- DATA IN THIS EXERCISE -

━━━━━━━━━━

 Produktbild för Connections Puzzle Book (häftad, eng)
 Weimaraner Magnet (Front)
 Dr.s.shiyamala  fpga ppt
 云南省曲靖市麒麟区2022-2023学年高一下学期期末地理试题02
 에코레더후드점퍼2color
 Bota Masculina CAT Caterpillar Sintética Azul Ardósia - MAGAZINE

━━━━━━━━━━

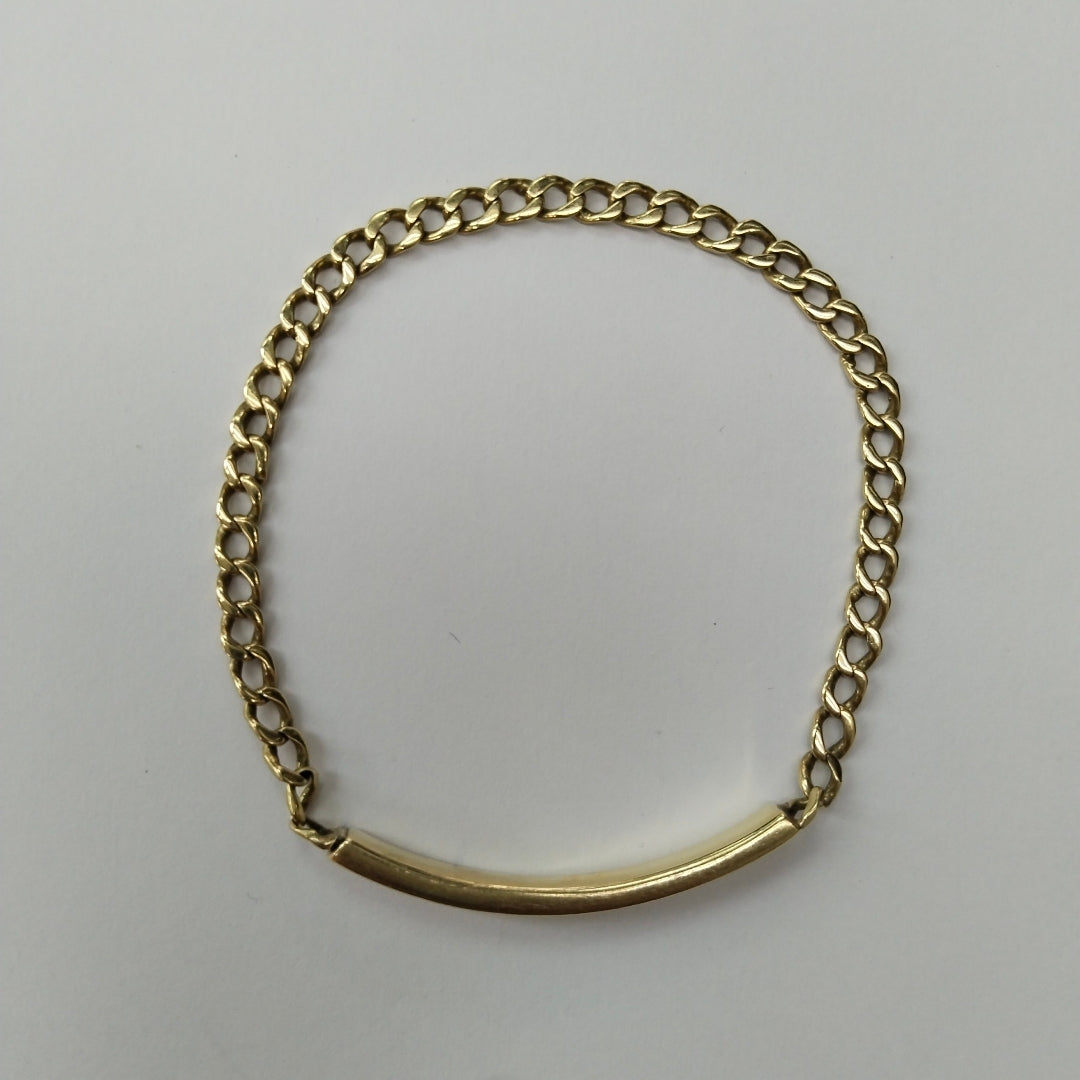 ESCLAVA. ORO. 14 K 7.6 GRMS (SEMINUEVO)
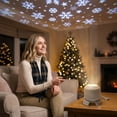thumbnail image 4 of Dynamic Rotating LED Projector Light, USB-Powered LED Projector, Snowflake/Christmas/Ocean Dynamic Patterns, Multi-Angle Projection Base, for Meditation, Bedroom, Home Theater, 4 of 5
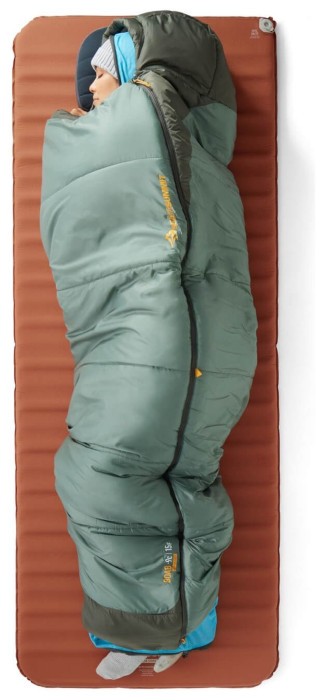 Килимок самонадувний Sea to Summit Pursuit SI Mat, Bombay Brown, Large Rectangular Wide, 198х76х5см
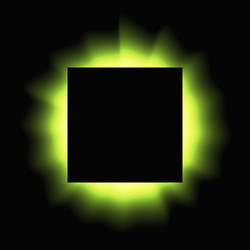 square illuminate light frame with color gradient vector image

━━━━━━━━━━

- EXERCISE DESCRIPTION -
In the records above, find the line with "Produktbild för Connections"; write out exactly that line and each one after it, stopping after the line with "Bota Masculina CAT".

- YOUR RESPONSE -
 Produktbild för Connections Puzzle Book (häftad, eng)
 Weimaraner Magnet (Front)
 Dr.s.shiyamala  fpga ppt
 云南省曲靖市麒麟区2022-2023学年高一下学期期末地理试题02
 에코레더후드점퍼2color
 Bota Masculina CAT Caterpillar Sintética Azul Ardósia - MAGAZINE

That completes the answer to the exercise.